Afrikarabia : Dans son annonce du dialogue national, Joseph Kabila affirme vouloir régler le problème de la fiabilité du fichier électoral, notamment les nouveaux mineurs, ainsi que le problème du financement des élections.

Martin Fayulu : Concernant les nouveaux électeurs, nous avons une loi de 2004 qui explique comment identifier et enrôler les électeurs. Est-ce que le dialogue est nécessaire pour cela ? Pour le financement, nous avons voté une loi à l’assemblée nationale de 615 millions de dollars sur le budget 2016. Sur le budget 2015, il y a encore 200 millions de dollars qui n’ont pas été décaissés. Vous avez donc 815 millions de dollars pour organiser les élections présidentielle et législatives.

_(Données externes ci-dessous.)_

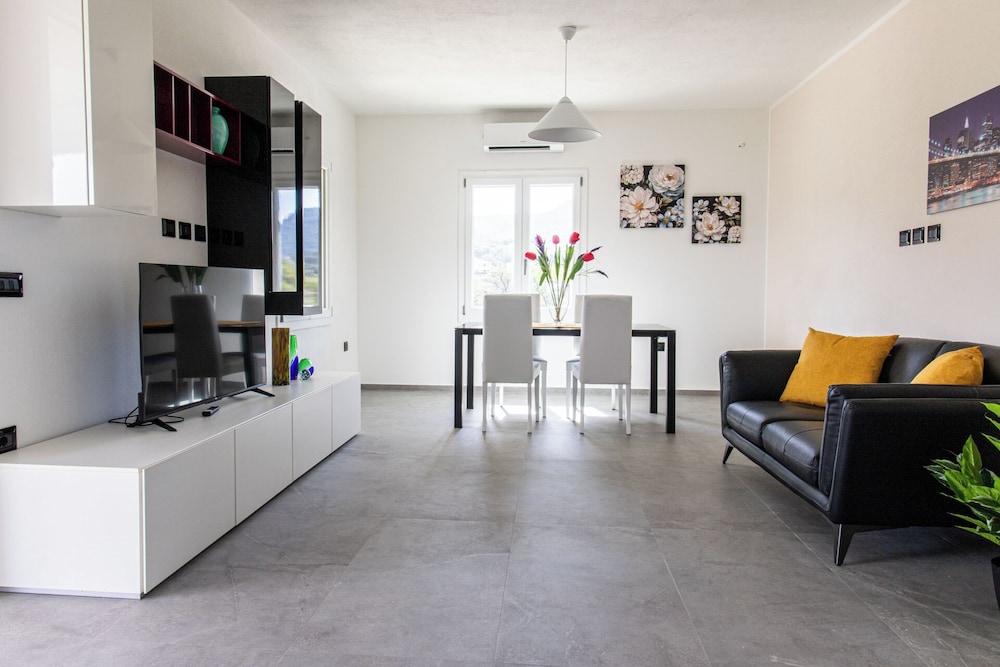 Apartment, Vineyard View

Afrikarabia : Joseph Kabila a également annoncé vouloir réfléchir sur les modalités des élections pour qu’elles soient « moins coûteuses ».

Martin Fayulu : Les modalités des différentes élections sont toutes prévues dans la Constitution. Cela veut donc dire qu’au cours de ce dialogue, Joseph Kabila veut modifier la Constitution ? Et là il se dévoile. On nous a dit que le président voulait simplement parler de l’introduction du vote électronique. Avec le taux d’électrification du pays, c’est une blague !

Afrikarabia : Quelles sont vos moyens de pressions pour que les élections soient organisées dans les délais constitutionnels ?

Martin Fayulu : Comment faire plier Kabila ? Tout simplement par l’organisation de manifestations. Nous allons faire des meetings, nous allons organiser des opérations villes mortes pour faire comprendre à Joseph Kabila qu’il n’est pas le maître du temps et des circonstances. Nous avons donné notre « ligne rouge », qui est fixée au 31 janvier 2016, pour la publication d’un calendrier électoral. Mais déjà le 19 janvier 2016, nous descendrons dans la rue pour commémorer les manifestations de janvier 2015 contre la loi électorale. Et puis il y aura bien sûr la traditionnelle marche des chrétiens du 16 février 2016.

Afrikarabia : Que pensez-vous de la position de l’UDPS de l’opposant Etienne Tshisekedi qui pourrait participer au dialogue ?

Martin Fayulu : J’ai des relations directes avec le président Etienne Tshisekedi. Je l’ai vu fin août. Je connais bien la position du président de l’UDPS et je sais qu’il n’y a pas de dialogue pour Etienne Tshisekedi.

Afrikarabia : On a l’impression que Moïse Katumbi, l’ancien gouverneur du Katanga, a pris l’ascendant sur l’opposition. Il est très courtisé, il consulte beaucoup. Que pensez-vous de ce nouveau venu dans les rangs de l’opposition ?

Martin Fayulu : Je ne sais pas ce qui vous fait dire que Moïse Katumbi a pris l’ascendant sur l’opposition. C’est un Congolais comme les autres. Il doit jouer sa partition. Je l’ai aussi rencontré. Nous avons parlé du Front citoyen 2016, de la « ligne rouge », du calendrier électoral consensuel… Il n’y a pas d’ascendance, il y a des convictions. Si nous sommes d’accord pour changer les choses au Congo… on peut travailler ensemble.

Afrikarabia : Dans une présidentielle à un seul tour, vous avez l’obligation de présenter un candidat unique de l’opposition ?

Martin Fayulu : Absolument. En 2011, j’avais déjà essayé de faire en sorte qu’Etienne Tshisekedi soit ce candidat unique de l’opposition. Nous n’avons pas réussi. Mais cette fois-ci, nous ne pouvons pas nous permettre le luxe d’avoir plusieurs candidats.